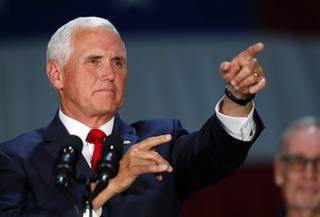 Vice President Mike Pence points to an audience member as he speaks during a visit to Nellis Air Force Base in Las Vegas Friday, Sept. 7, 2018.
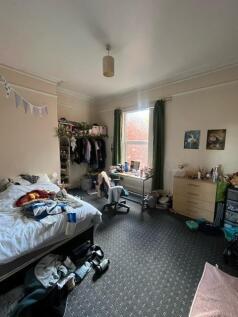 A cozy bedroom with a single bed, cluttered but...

-*-

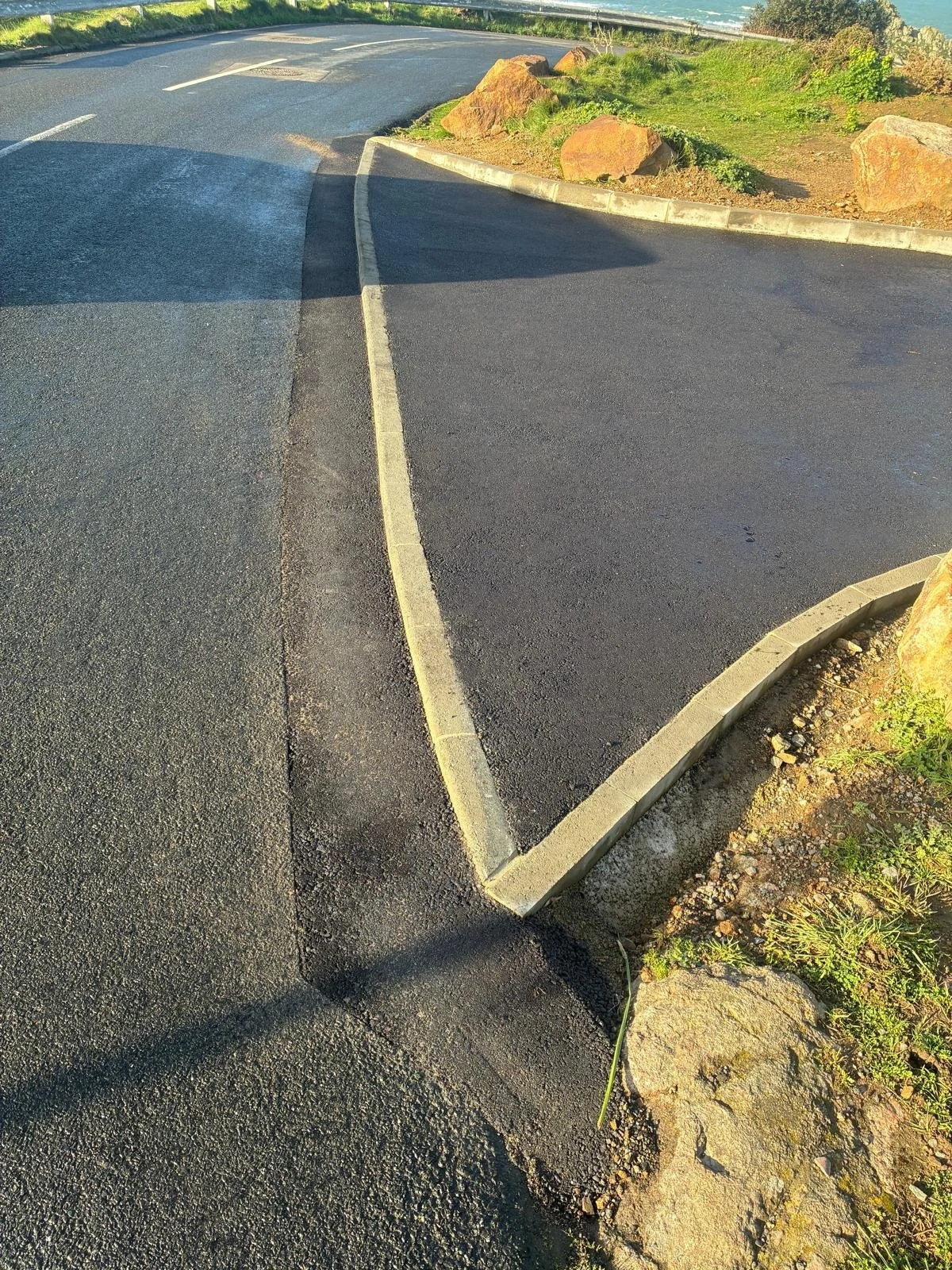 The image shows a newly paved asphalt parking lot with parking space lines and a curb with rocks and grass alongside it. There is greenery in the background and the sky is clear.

-*-

WORK TO BE COMPLETED. For this task, return exactly the stretch of the listing above from the line with "Vice President Mike" through the line with "A cozy bedroom", inclusive and without pictures.

RESPONSE AREA.
 Vice President Mike Pence points to an audience member as he speaks during a visit to Nellis Air Force Base in Las Vegas Friday, Sept. 7, 2018.
 A cozy bedroom with a single bed, cluttered but...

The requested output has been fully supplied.